== Segment start ==

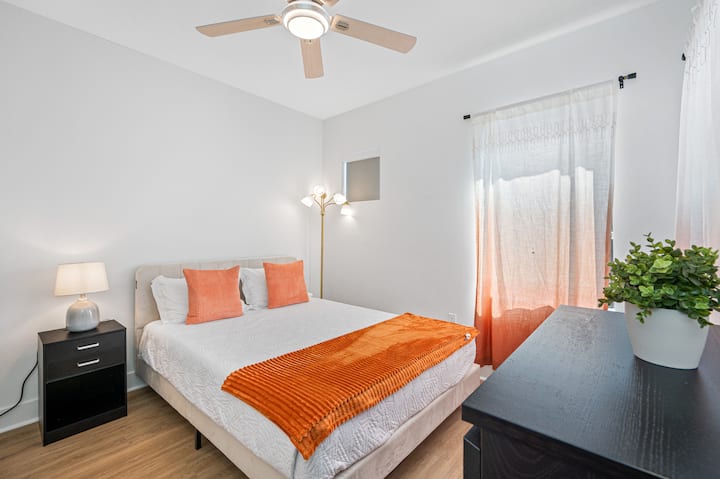 მზით განათებული, მყუდრო საძინებელი მეორე სართულზე, რომელშიც დგას კომფორტული 152‑179 სმ ზომის საწოლი, ჭერზე დამონტაჟებული ჭკვიანი ტელევიზორი, დიდი კარადა, ჭერის ვენტილატორი, საწოლთან განათება და კომოდი ნივთების შესანახად. საცხოვრებელი, სადაც მშვიდად დაისვენებთ ხანგრძლივი დღის შემდეგ.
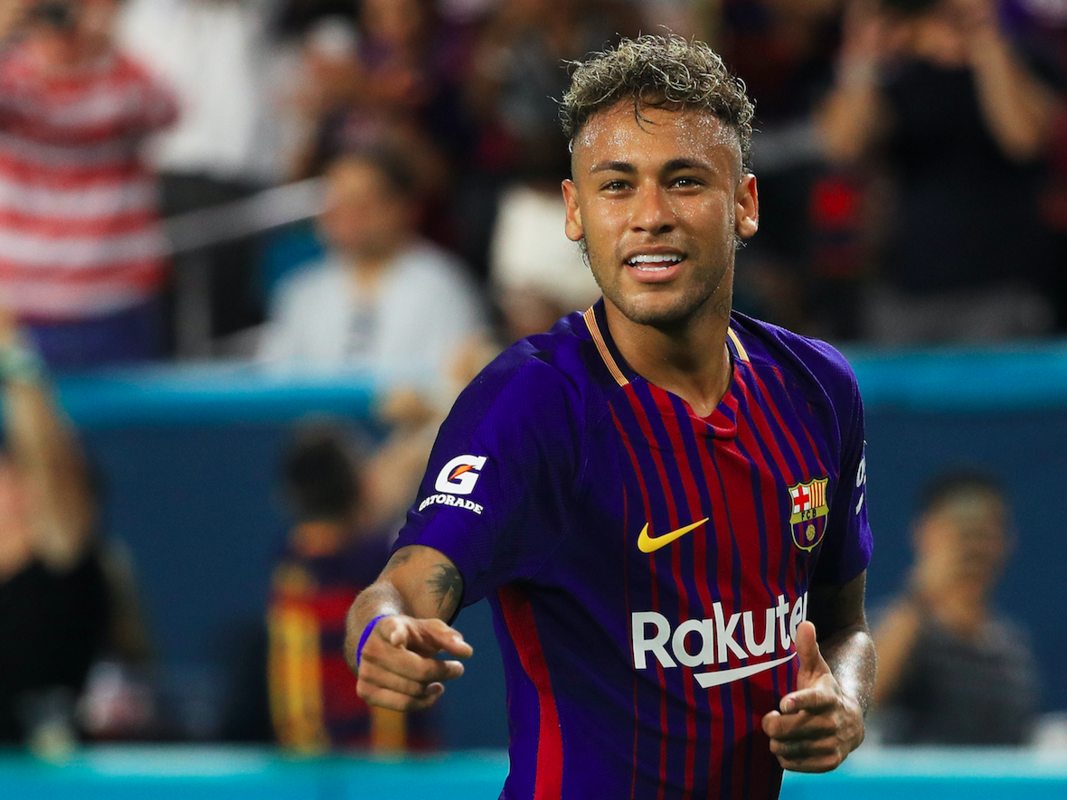 Coutinho Dapat Ucapan Selamat Dari Neymar Image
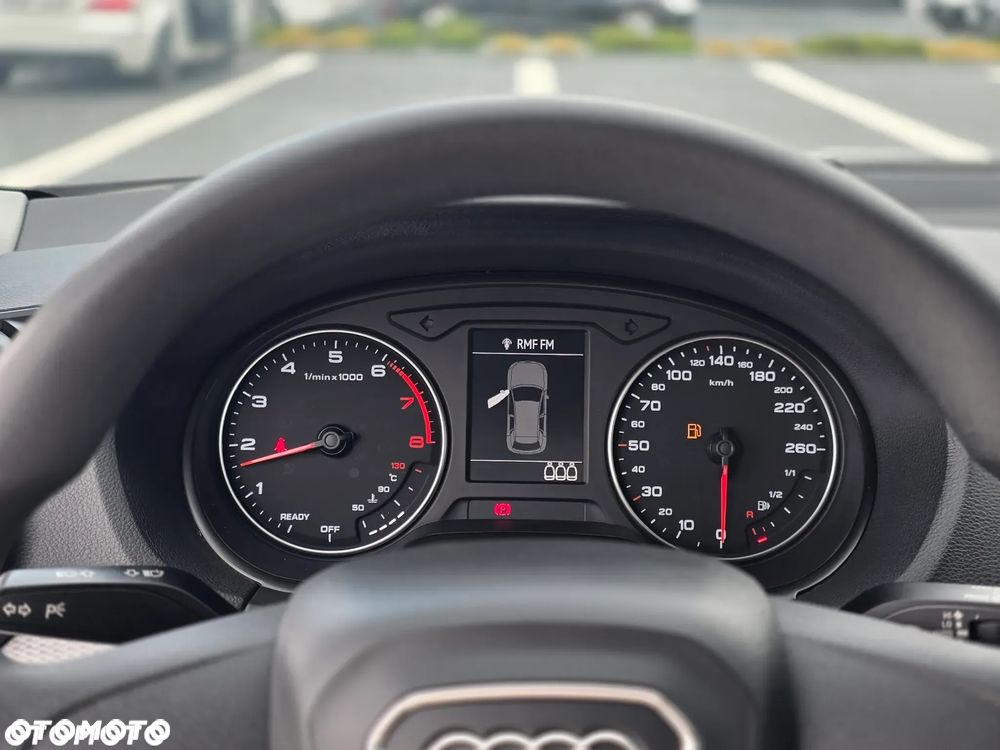 Audi Q2 30 TFSI Sport - 32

== Segment end ==

■ **TASK**
Exclude images. Return the data above verbatim.

■ **OUTPUT FOR THIS EXERCISE**
 მზით განათებული, მყუდრო საძინებელი მეორე სართულზე, რომელშიც დგას კომფორტული 152‑179 სმ ზომის საწოლი, ჭერზე დამონტაჟებული ჭკვიანი ტელევიზორი, დიდი კარადა, ჭერის ვენტილატორი, საწოლთან განათება და კომოდი ნივთების შესანახად. საცხოვრებელი, სადაც მშვიდად დაისვენებთ ხანგრძლივი დღის შემდეგ.
 Coutinho Dapat Ucapan Selamat Dari Neymar Image
 Audi Q2 30 TFSI Sport - 32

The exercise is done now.